• **Recorded data**
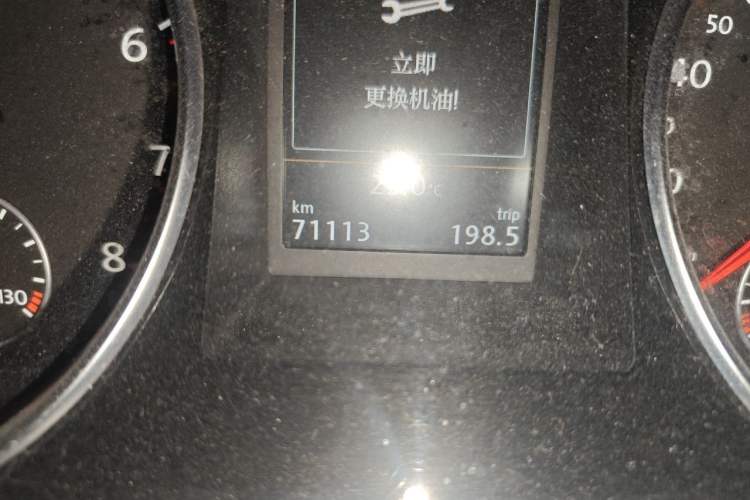 Used Volkswagen FAW-Volkswagen CC 2015 1.8TSI Luxury Model Odometer Close Up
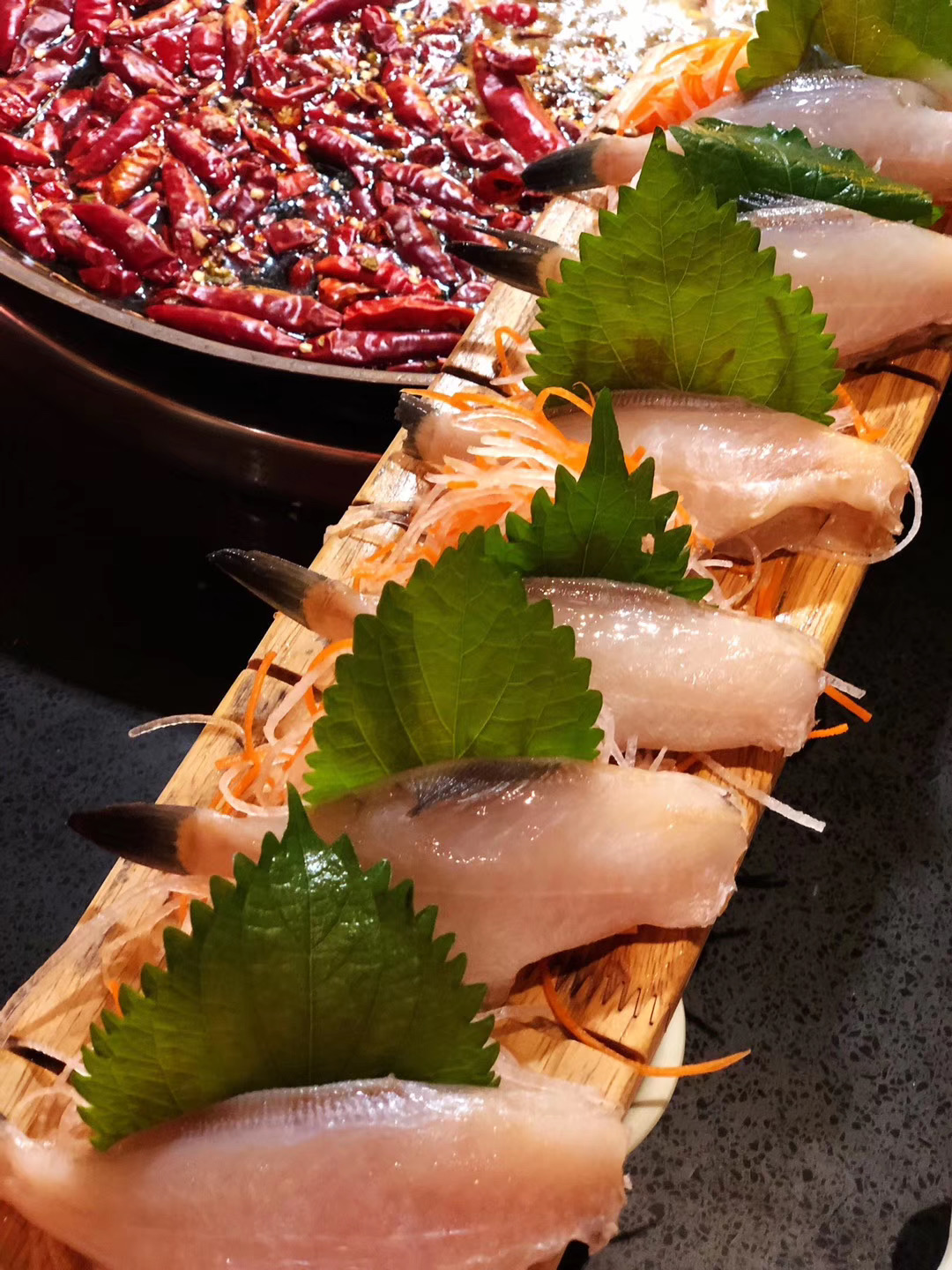 天冷了来一起吃个火锅吧,天冷了来一份火锅吧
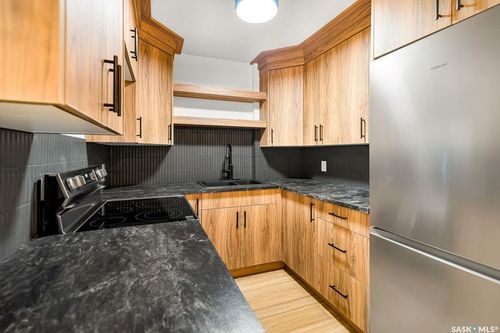 3914 Castle Rd, Regina, SK, S4S6A4 | Card Image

• **Activity**
Please give every line above again word for word, apart from the pictures.

• **Your solution**
 Used Volkswagen FAW-Volkswagen CC 2015 1.8TSI Luxury Model Odometer Close Up
 天冷了来一起吃个火锅吧,天冷了来一份火锅吧
 3914 Castle Rd, Regina, SK, S4S6A4 | Card Image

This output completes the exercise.